Brady v. Maryland, 373 U.S. 83 (1963).
Of particular relevance here, the Court denied Defendants' motion for summary judgment on the basis of qualified immunity. With respect to Claim 1, the Court found that the record evidence gives rise to disputed issues of fact as to whether Defendants deliberately fabricated their police reports by stating that witnesses had made unequivocal identifications of Plaintiff as the shooter when they had not done so, by misquoting witnesses, and by making false statements regarding the circumstances of the reported witness identifications. See MSJ Order at 25. The Court also found that if Plaintiff's version of events is credited, Defendants' conduct violated a constitutional right that was clearly established prior to the 2002 shooting and investigation, specifically, the right not to be subjected to criminal charges on the basis of false evidence that was deliberately fabricated by the government.
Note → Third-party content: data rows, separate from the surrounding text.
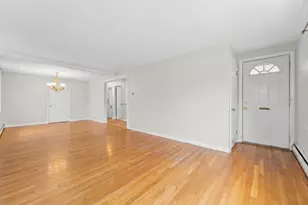 33 Fairchild Ave, Saugus, MA 01906 - Photo 4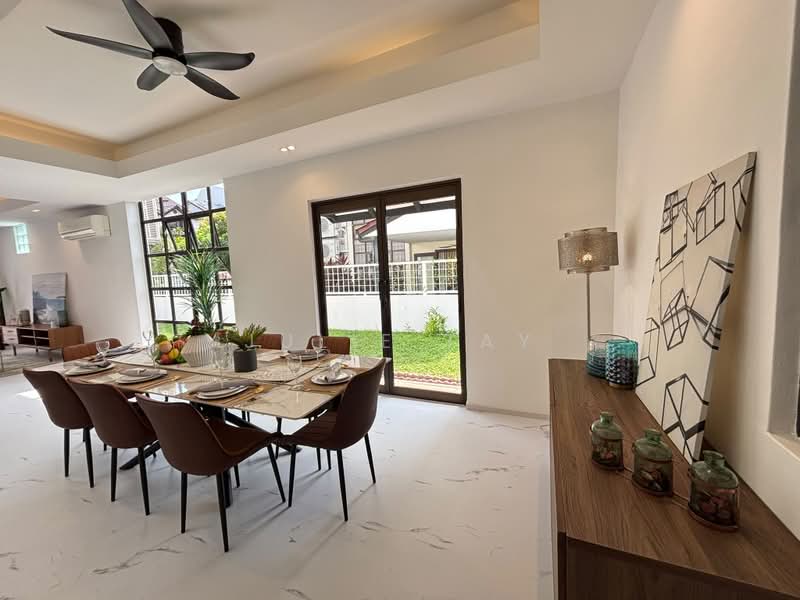 SUPER BEST BUY‼️ 3-STOREY CORNER TERR / 5 Bedrms / MRT, , 5 Bedrooms, 3,200 sqft, Corner Terrace For Sale, by Julie Tay, 500197334 - Dining Room - PropertyGuru.com.sg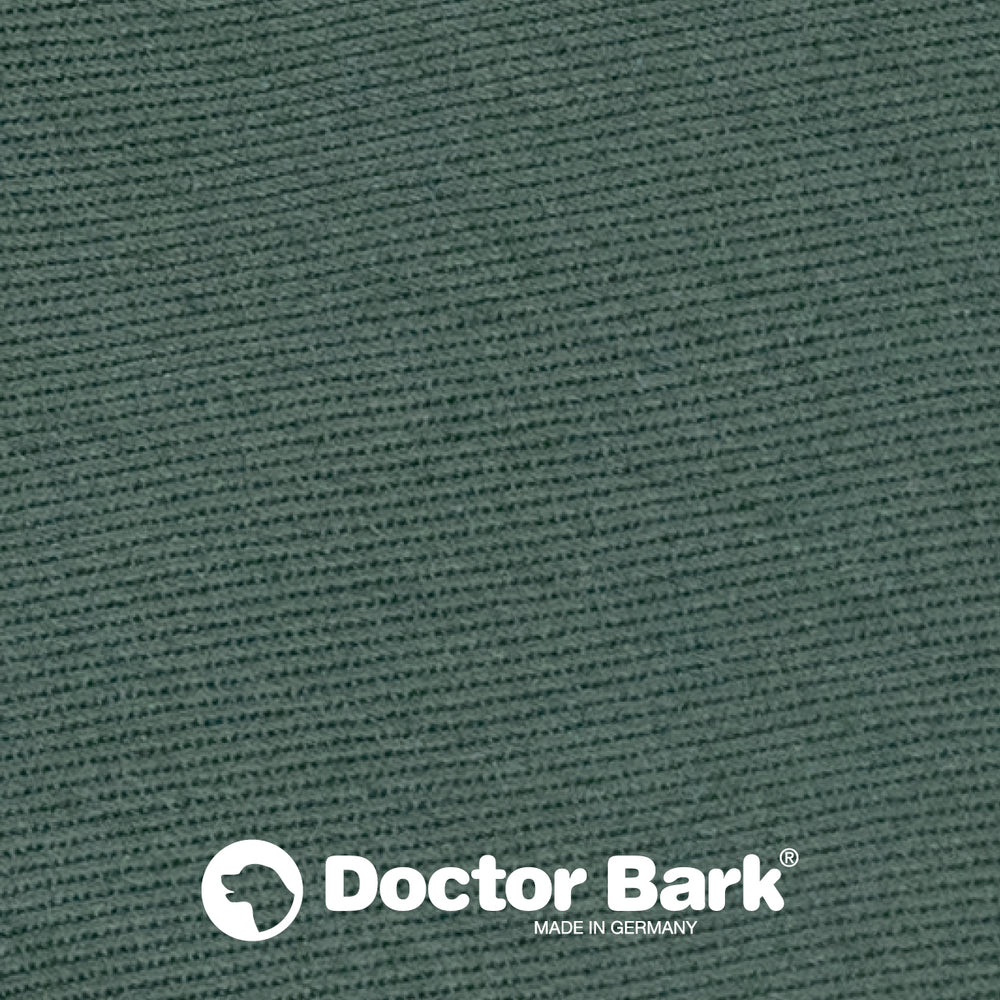 "Doctor Bark Country-Kissen in gedämpften Grüntönen mit feiner Struktur und deutschem Logo."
See id. at 26-27.
With respect to Claim 2, the Court found that the record evidence gives rise to disputed issues of fact as to whether Defendants violated Brady by failing to disclose evidence going to the credibility of the government's eyewitnesses. See MSJ Order at 29. The Court also found that if Plaintiff's version of events is credited, Defendants' conduct violated a constitutional right that was clearly established prior to the 2002 shooting and investigation, specifically, the right to disclosure of Brady material by police officers. See id. at 30.
With respect to Claim 3, the Court found that the record evidence gives rise to disputed issues of fact as to whether Defendants caused Plaintiff to be prosecuted with the intent to deprive him of constitutional rights guaranteed under the Fourteenth Amendment, including the right not to be subjected to criminal charges on the basis of false evidence and the right to exculpatory evidence. See id. at 35. The Court also found that if Plaintiff's version of events is credited, Defendants' conduct violated constitutional rights that were clearly established before the 2002 shooting and investigation. See id. at 36.
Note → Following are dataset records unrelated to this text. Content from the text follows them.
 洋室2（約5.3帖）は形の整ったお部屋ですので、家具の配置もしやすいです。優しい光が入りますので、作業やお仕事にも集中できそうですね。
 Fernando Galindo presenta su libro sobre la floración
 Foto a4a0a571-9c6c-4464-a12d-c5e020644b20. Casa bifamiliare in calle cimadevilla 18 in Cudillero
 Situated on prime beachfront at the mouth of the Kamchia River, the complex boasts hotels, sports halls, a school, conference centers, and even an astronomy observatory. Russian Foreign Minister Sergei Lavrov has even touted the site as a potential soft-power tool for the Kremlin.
Defendants did not raise a separate qualified immunity argument with respect to Claim 4 for conspiracy.
Defendants' Interlocutory Appeal and Plaintiff's Current Motion
Defendants timely appealed the denial of their motion for summary judgment on the basis of qualified immunity. See Not. of Appeal, ECF 279. This Court determined that the appeal did not divest it of jurisdiction to proceed with the Final Pretrial Conference on April 23, 2024 and to issue rulings on the parties' motions in limine, as those proceedings were unrelated to the issues raised in Defendants' appeal relating to qualified immunity. See Order Following Pretrial Conference, ECF 302; Order Re Motions in Limine, ECF 309.
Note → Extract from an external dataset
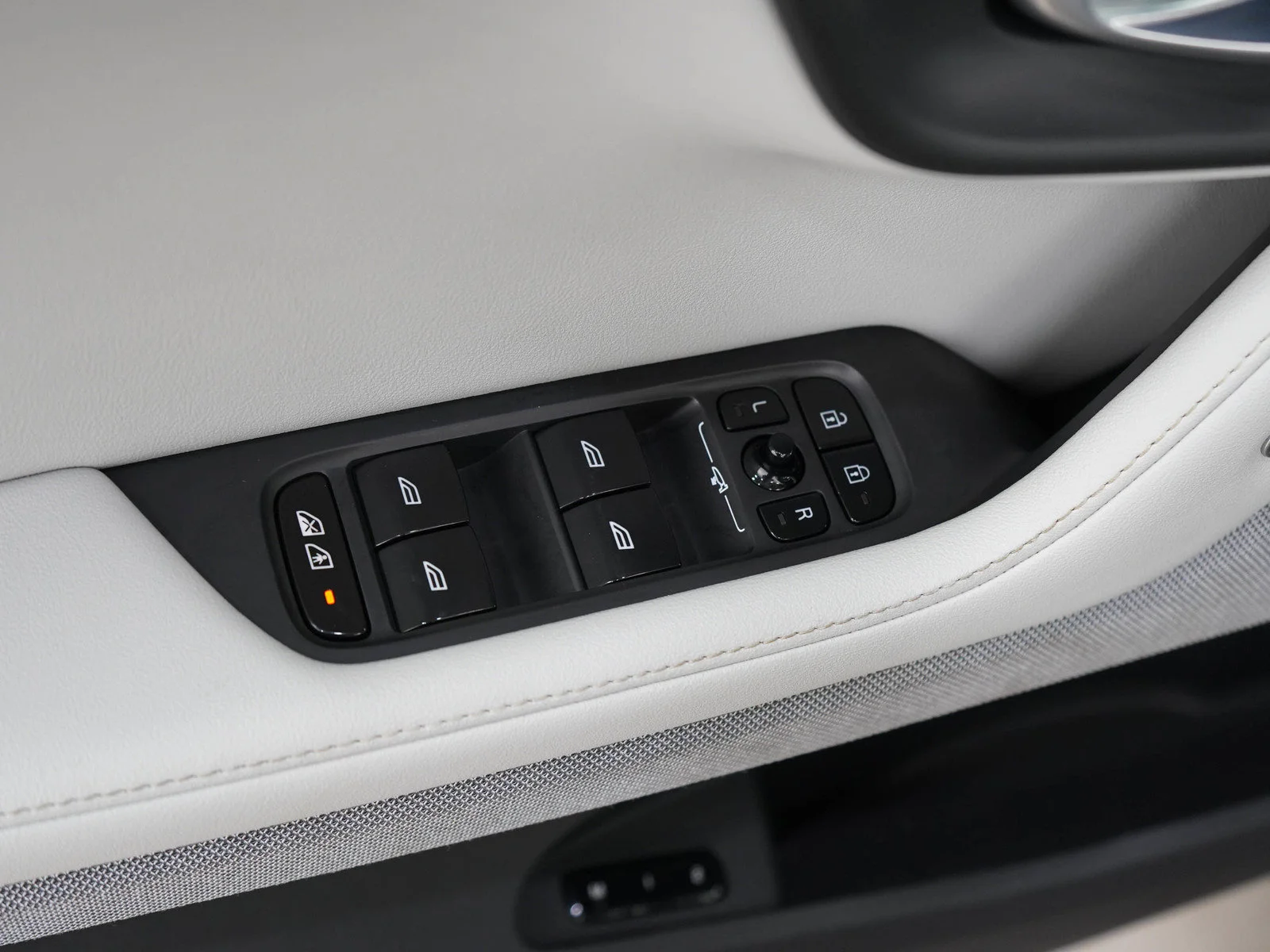 Used 2023 Black Polestar Plus image 18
At the Final Pretrial Conference, Plaintiff advised the Court that he intended to file a motion to certify Defendants' qualified immunity appeal as frivolous, and he requested that the trial proceed on August 2, 2024 as scheduled if his motion is granted. Plaintiff's motion has been filed and briefed, and is ready for disposition.
II. LEGAL STANDARD
“An order denying a motion for summary judgment is usually not an immediately appealable final decision.” Est. of Anderson v. Marsh, 985 F.3d 726, 730 (9th Cir. 2021). “But that general rule does not apply when the summary judgment motion is based on a claim of qualified immunity[.]” Id. (quotation marks and citation omitted). Public officials may file an immediate interlocutory appeal of a district court's denial of a summary judgment motion brought on qualified immunity grounds. See id.; Chuman v. Wright, 960 F.2d 104, 105 (9th Cir. 1992). Such an appeal automatically divests the district court of jurisdiction to proceed with trial pending appeal, absent certification by the district court that the appeal is frivolous or waived. See Rodriguez v. Cnty. of Los Angeles, 891 F.3d 776, 791 (9th Cir. 2018); Chuman, 960 F.2d at 105.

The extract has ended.